Laat nooit toe dat de heerser van de wereld vat op je krijgt
17-19. Wat is de wereld die in de macht van de Duivel ligt, en waarom mogen we die niet liefhebben?
17 Nog een manier waarop Satan ons probeert te verstrikken, is door ons ertoe te brengen de wereld, de onrechtvaardige, van God vervreemde mensenmaatschappij, te gaan liefhebben. Jezus noemde de Duivel „de heerser van de wereld” en zei: „Hij heeft geen vat op mij” (Johannes 14:30). Laten we hopen dat Satan nooit vat op ons krijgt! We beseffen natuurlijk dat ’de gehele wereld in de macht van die goddeloze ligt’ (1 Johannes 5:19). Daardoor kon de Duivel Jezus „alle koninkrijken der wereld” aanbieden voor één afvallige daad van aanbidding, iets wat Gods Zoon vierkant afwees (Mattheüs 4:8-10). De door Satan geregeerde wereld haat Christus’ volgelingen (Johannes 15:18-21). Geen wonder dat de apostel Johannes ons waarschuwde de wereld niet lief te hebben!

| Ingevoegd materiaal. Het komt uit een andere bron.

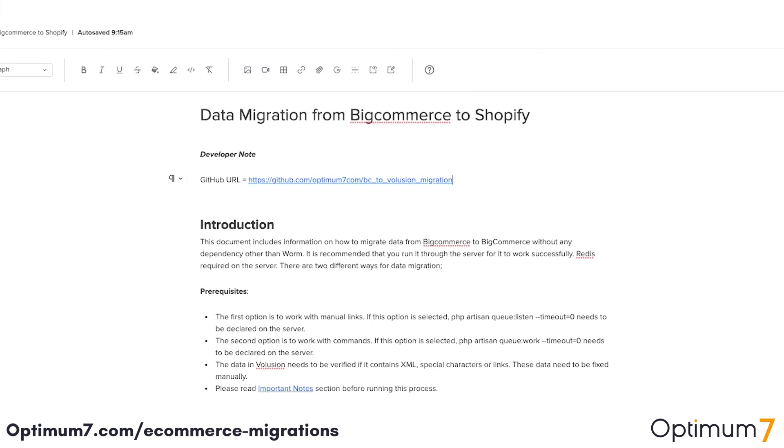At Optimum7, we've done hundreds of migrations from different platforms over the past 12 months, and we have a very specific migration process. Watch the rest of this video to see at what level we execute a migration project such as this one. This documentation shows migration from BigCommerce to Shopify, but it's essentially the same documentation that we've created for all the different platforms.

18 Johannes schreef: „Hebt de wereld niet lief noch de dingen in de wereld. Indien iemand de wereld liefheeft, is de liefde van de Vader niet in hem; want alles wat in de wereld is — de begeerte van het vlees en de begeerte der ogen en het opzichtige geuren met de middelen voor levensonderhoud die men heeft — spruit niet voort uit de Vader, maar uit de wereld. De wereld gaat bovendien voorbij en ook haar begeerte, maar wie de wil van God doet, blijft in eeuwigheid” (1 Johannes 2:15-17). We mogen de wereld niet liefhebben, want de manier waarop ze leeft doet een beroep op het zondige vlees en is lijnrecht in strijd met Jehovah’s maatstaven.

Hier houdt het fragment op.